🤖 AI Summary
This work addresses the challenge of reconstructing complete and accurate 3D scenes from extremely sparse inputs—such as a single image—where Gaussian Splatting struggles, particularly in occluded or unobserved regions. The authors propose a training-free generative reconstruction framework that, for the first time, integrates video diffusion models into the Gaussian Splatting pipeline without requiring additional training. Their approach employs a geometry-guided, multi-stage denoising strategy coupled with a confidence-based iterative view completion mechanism to synthesize geometrically consistent novel views that fill in missing scene content. By further incorporating adaptive camera trajectory sampling and confidence-weighted optimization, the method achieves state-of-the-art performance across multiple benchmarks, enabling robust, high-fidelity, and complete 3D reconstructions from highly sparse observations.
📝 Abstract
Gaussian Splatting has achieved remarkable progress in multi-view surface reconstruction, yet it exhibits notable degradation when only few views are available. Although recent efforts alleviate this issue by enhancing multi-view consistency to produce plausible surfaces, they struggle to infer unseen, occluded, or weakly constrained regions beyond the input coverage. To address this limitation, we present VidSplat, a training-free generative reconstruction framework that leverages powerful video diffusion priors to iteratively synthesize novel views that compensate for missing input coverage, and thereby recover complete 3D scenes from sparse inputs. Specifically, we tackle two key challenges that enable the effective integration of generation and reconstruction.

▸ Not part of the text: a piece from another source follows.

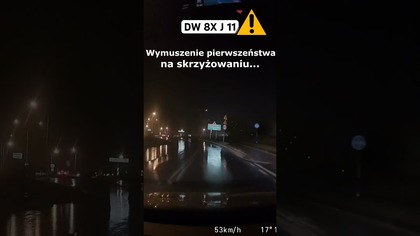 Milimetry od dzwona #shorts #rikordwidjo #polska #policja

First, for 3D consistent generation, we elaborate a training-free, stage-wise denoising strategy that adaptively guides the denoising direction toward the underlying geometry using the rendered RGB and mask images. Second, to enhance the reconstruction, we develop an iterative mechanism that samples camera trajectories, explores unobserved regions, synthesizes novel views, and supplements training through confidence weighted refinement. VidSplat performs robustly to sparse input and even a single image. Extensive experiments on widely used benchmarks demonstrate our superior performance in sparse-view scene reconstruction.